The Liberal Democrats did not feature at all, but he said Labour would co-operate with others on constitutional change. There would be legislation in the first year for a Scottish parliament and a Welsh assembly. London should have a directly elected authority and the right of hereditary peers to sit in the House of Lords would be ended as the first step to reform of the second chamber.

Telling unions to "leave the battles of the past", Mr Blair said laws on ballots, peaceful picketing and the conduct of disputes would stay. But he reaffirmedLabour's commitment to sign the European Social Chapter on workers' rights and drew loud applause for his opposition to rail privatisation.

"To anyone thinking of grabbing our railways, built up over the years, so they can make a quick profit as our network is broken up and sold off, I say this: There will be a publicly owned, and publicly accountable railway system under a Labour government."

Acknowledging that the transition to "new Labour" had been painful for some, Mr Blair said that socialism to him was never about nationalisation or the power of the state. It was a moral purpose in life.

"It is how I try to live my life. The simple truths. I am worth no more than anyone else. I am my brother's keeper. I will not walk by on the other side." People were not set in isolation from each other but members of the same family, the same community.

"This is my socialism. And the irony of our long years in opposition is that those values are shared by the vast majority of the British people."

Mr Blair said he did not enter politics to change the Labour Party but to change his country. "And I honestly believe that if we hadn't changed, if we had not returned our party to its values, freed from the weight of outdated ideology, we could not change the country.

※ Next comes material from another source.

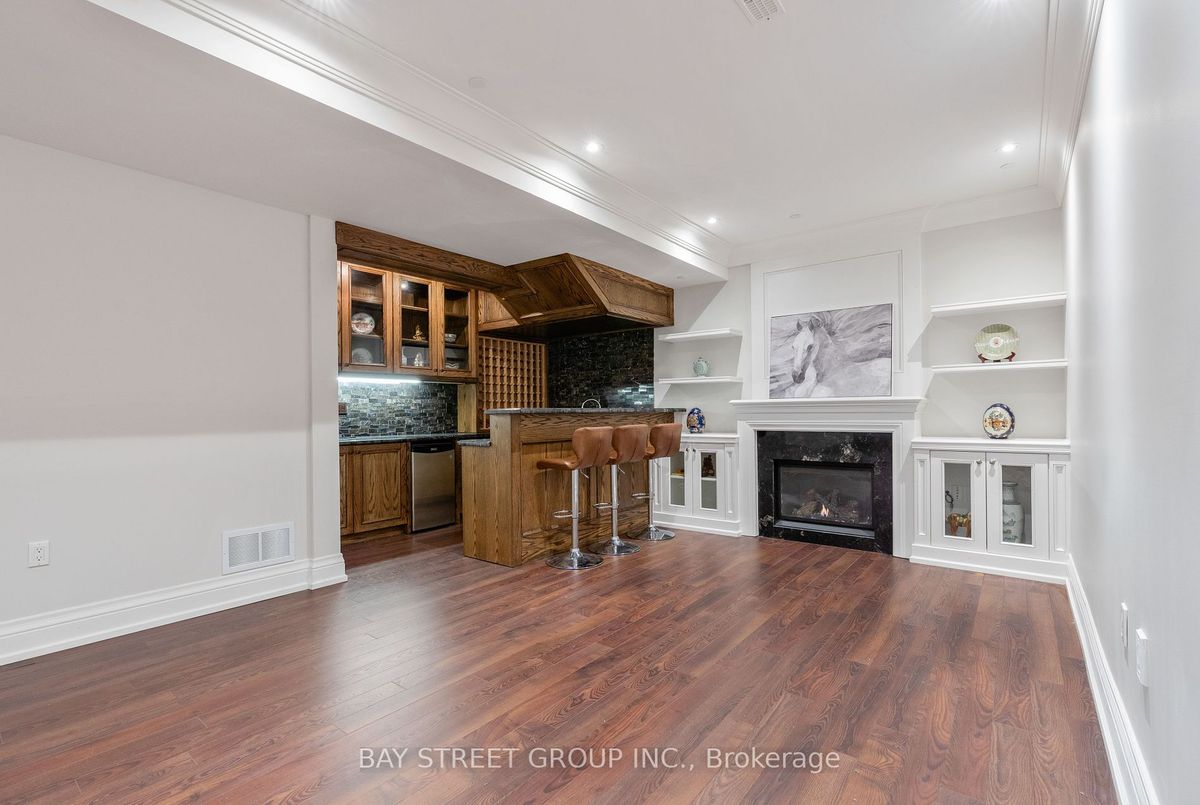 18 VIAMEDE Crescent 18 VIAMEDE Crescent Toronto C15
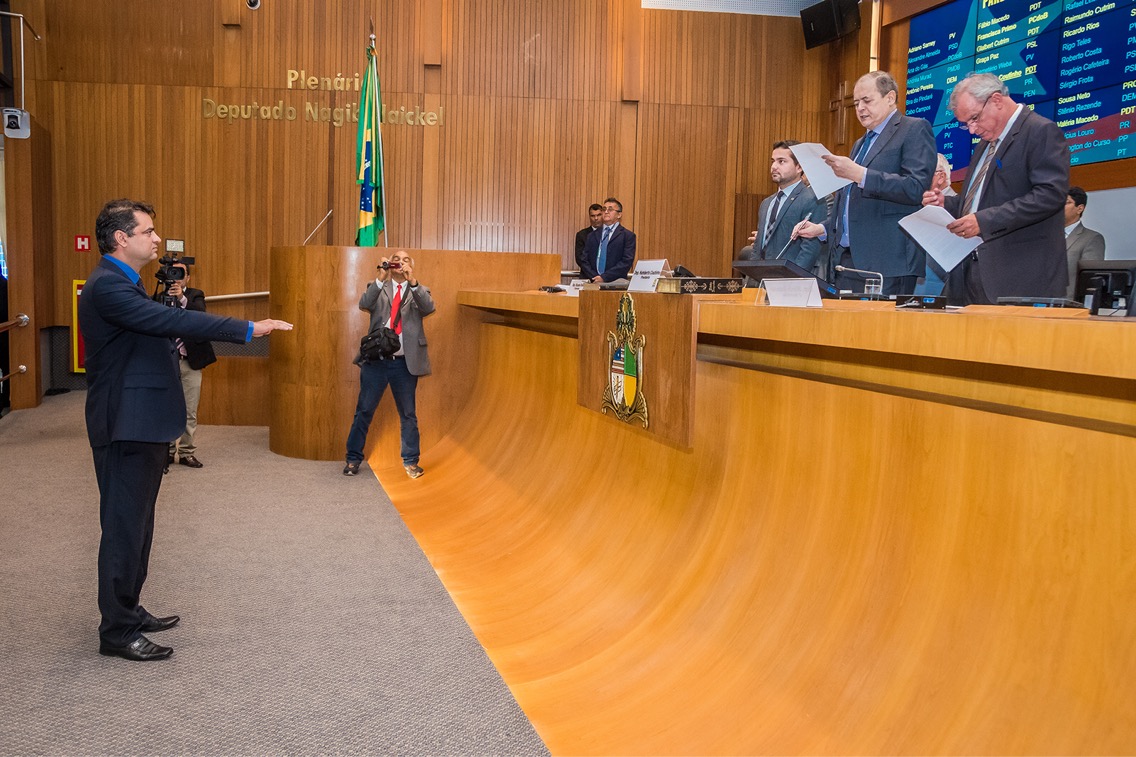 Sérgio Vieira é empossado no cargo de deputado estadual na Assembleia Legislativa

"For I do not want a one-term Labour government that dazzles for a moment then ends in disillusion. I want a Labour government that governs for a generation and changes Britain for good."

Setting the background to his call for a "young Britain", Mr Blair said his generation had been born into the welfare state and the market economy of bank accounts, supermarkets, jeans and cars. They had money in their pockets, had travelled abroad and had been through the sexual revolution of the Sixties.

"This generation, my generation, enjoys a thousand material advantages over any previous generation; and yet we suffer a depth of insecurity and spiritual doubt they never knew." The family was weakened, society divided. "We see elderly people in fear of crime, children abused."

In a key section, he stressed the importance of education as the best economic policy. The future lay in the marriage of education and technology, he said. "We will never compete on the basis of a low-wage, sweat-shop economy." Knowledge was power, information was opportunity, and technology could make it happen.

He announced to the conference that British Telecom had agreed that in return for full access to the cable entertainment market - denied them by the Government - the company would connect up every college, hospital and library in Britain for free as it built the cable network.

"They get the chance to win new markets. The nation gets the chance to succeed. That is what I mean by new Labour, that kind of co-operation."

He said David Blunkett, the party's education spokesman, would be opening discussions with education authorities and computer companies towards the goal of ensuring that every child had access to a laptop computer.

Avoiding the contentious words "grant-maintained schools", he said there would be no more dogma in education and no more arguments about structures. "For every school, fair and equal funding. No return to selection, academic or social."

Labour would be the champion of standards for the 21st century. There would be a nursery place for every three- and four-year-old and class sizes of less than 30 for every five-, six- and seven-year-old.

Mr Blair said no-one pretended Labour could solve unemployment overnight, but no decent society could tolerate the level of long-term unemployment with all the misery and social breakdown it brought. "So we will take the excess profits of the new robber barons of Tory Britain in the privatised utilities, and use it for the most radical programme of work and education for the unemployed ever put forward in Britain."